Walking down pit lane, I bumped into an old pal who has worked with VR since he came to the premier class in 2000. “He’s starting to look like a bed-blocker,” I joked. The bristling response was immediate: “He’s a pretty fast bed-blocker.”

Then Valentino put the Yamaha on the podium, ahead of his teammate, Maverick Vinales, and I felt slightly chastened.

But subsequent events seem to have rather borne me out.

Valentino’s residency in the Movistar-backed factory team (along with a slightly hard-to-understand early two-year renewal also for the off-form Maverick) had its biggest casualty in the run-up to last weekend’s Spanish GP.

Yamaha lost Johann Zarco, the most promising new rider they’ve had in years. Understandably, the French double Moto2 champ thought himself worthy of a factory ride. Yamaha didn’t have one available until 2021.

They had also already lost Tech 3, again to KTM. The French squad has long played second fiddle to the factory, especially technically, as a place to get a few more miles out of superannuated bikes. Last year, their M1 bitsas were better than the factory bikes. But their role as a feeder team had become redundant.

Now Tech 3 has been promised full factory support from KTM, and the latest factory bikes. The experienced French squad will play an important development role with the Austrian newcomers. Yamaha has lost a strong ally.

Rossi’s overbearing influence was painfully clear in Argentina.

As you’ll recall, Marquez made an over-ambitious overtake, and bumped Rossi off. (Surprisingly, in fact; Rossi was surely aware of Marquez’s approach, and knows his reputation. When Marquez has made similar moves on Dovizioso, Dovi gave him enough room to outbrake himself, and zipped back past on the exit. Three times. But that is a moot point, and there is no doubt that Marquez was in the wrong.)

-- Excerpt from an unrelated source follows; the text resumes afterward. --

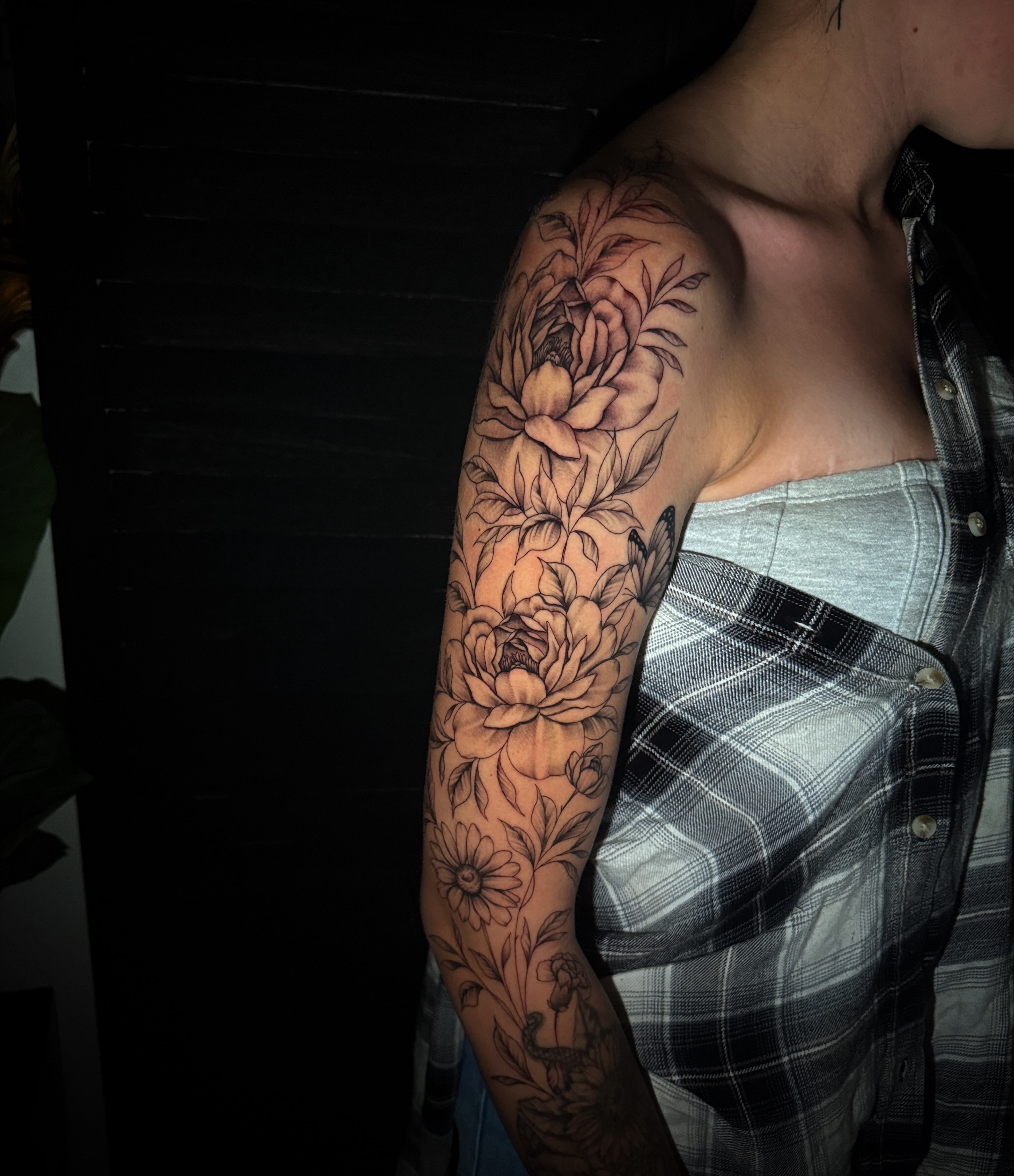 Floral bouquet black and grey tattoo on the upper arm by Sad Girl Tattoos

After the race, Marquez and Honda team manager Alberto Puig strode straight down pit lane to the Yamaha box to apologise. They were promptly and firmly told to… well, “go away”, though not so politely, by Rossi’s right-hand-man Uccio Salucci.

But where was Yamaha team manager Lin Jarvis? He took a back seat. Many might think a more correct protocol would have been for him to at least exchange words with Puig.

But Rossi is too important. He’s too popular. He is bigger than the team, and in many ways bigger than the sport.

This cannot be a very comfortable position for a classic Japanese factory.

Worse still, imagine the public opprobrium if Yamaha dumped him.

They are caught between the devil and the deep blue sea. And Rossi is both of those things.